#### MATERIAL FOR THIS TASK

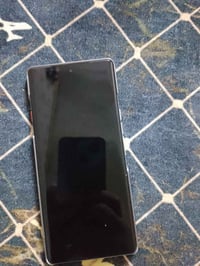 تكنو كامون 40 برو 5G • ٢٥٦ • شاحن ٤٠ واط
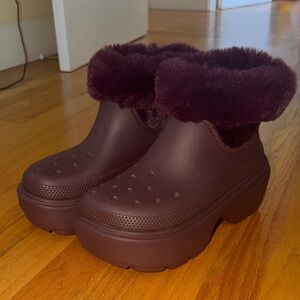 CROCS Plum Faux Fur Platform Clogs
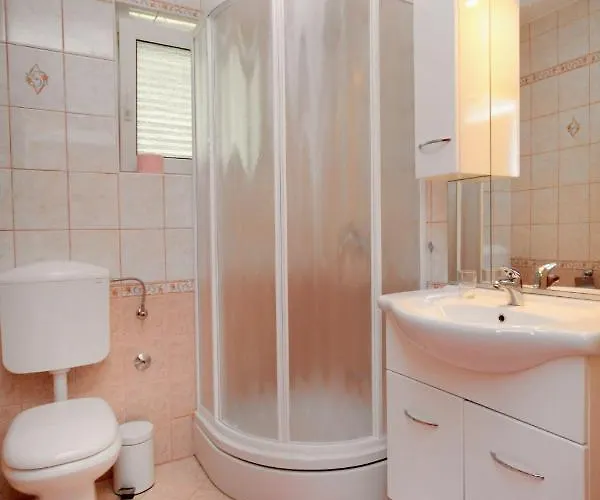 Апартаменты With Swimming Pool - 5479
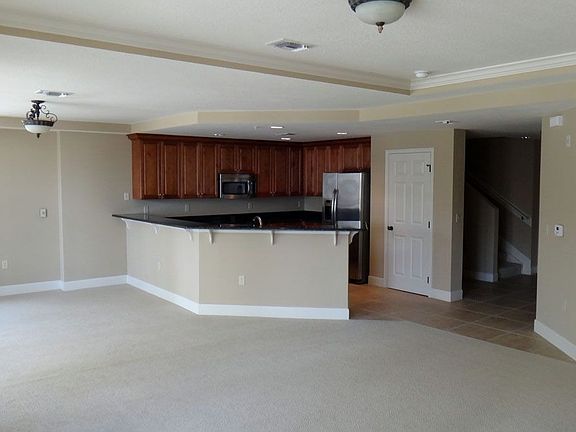 3rd image of 1478 Riverplace Blvd Suite 409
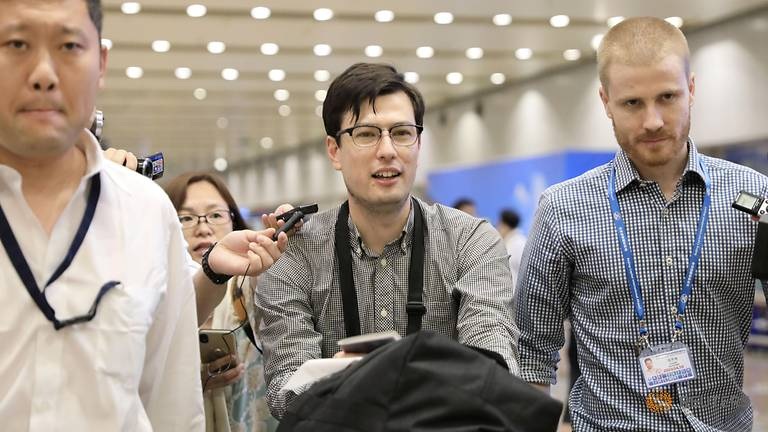 Triều Tiên bất ngờ trả tự do cho sinh viên Australia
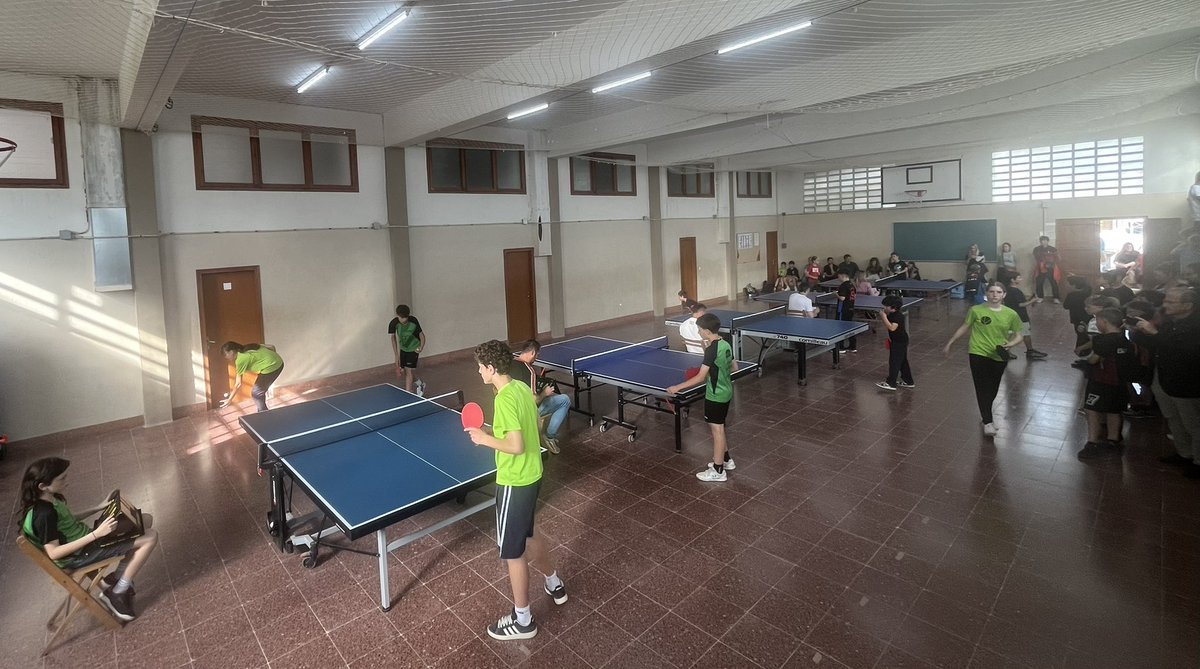 CEspSolsones's tweet photo. 🏓FASE COMARCAL DE TENNIS TAULA🏓
Una trentena de participants van disputar la comarcal de tennis taula que vam disputar divendres passat amb un nivell molt alt de joc i unes partides vibrants. Tot gràcies a l’ ajuda de @cttsolsona ❗️Classificacions a: https://t.co/y6snk0e7hZ https://t.co/k3D1TPnexz
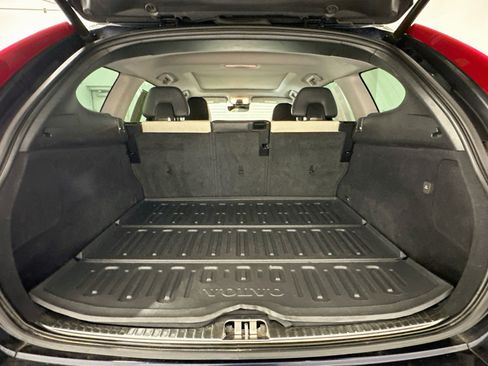Used 2017 Volvo XC60 T6 Dynamic w/ Preferred Option Package AWD/4WD image 31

########

## YOUR ASSIGNMENT
Exclude the pictures and repeat the entries word for word.

## TASK ANSWER
 تكنو كامون 40 برو 5G • ٢٥٦ • شاحن ٤٠ واط
 CROCS Plum Faux Fur Platform Clogs
 Апартаменты With Swimming Pool - 5479
 3rd image of 1478 Riverplace Blvd Suite 409
 Triều Tiên bất ngờ trả tự do cho sinh viên Australia
 CEspSolsones's tweet photo. 🏓FASE COMARCAL DE TENNIS TAULA🏓
Una trentena de participants van disputar la comarcal de tennis taula que vam disputar divendres passat amb un nivell molt alt de joc i unes partides vibrants. Tot gràcies a l’ ajuda de @cttsolsona ❗️Classificacions a: https://t.co/y6snk0e7hZ https://t.co/k3D1TPnexz
Used 2017 Volvo XC60 T6 Dynamic w/ Preferred Option Package AWD/4WD image 31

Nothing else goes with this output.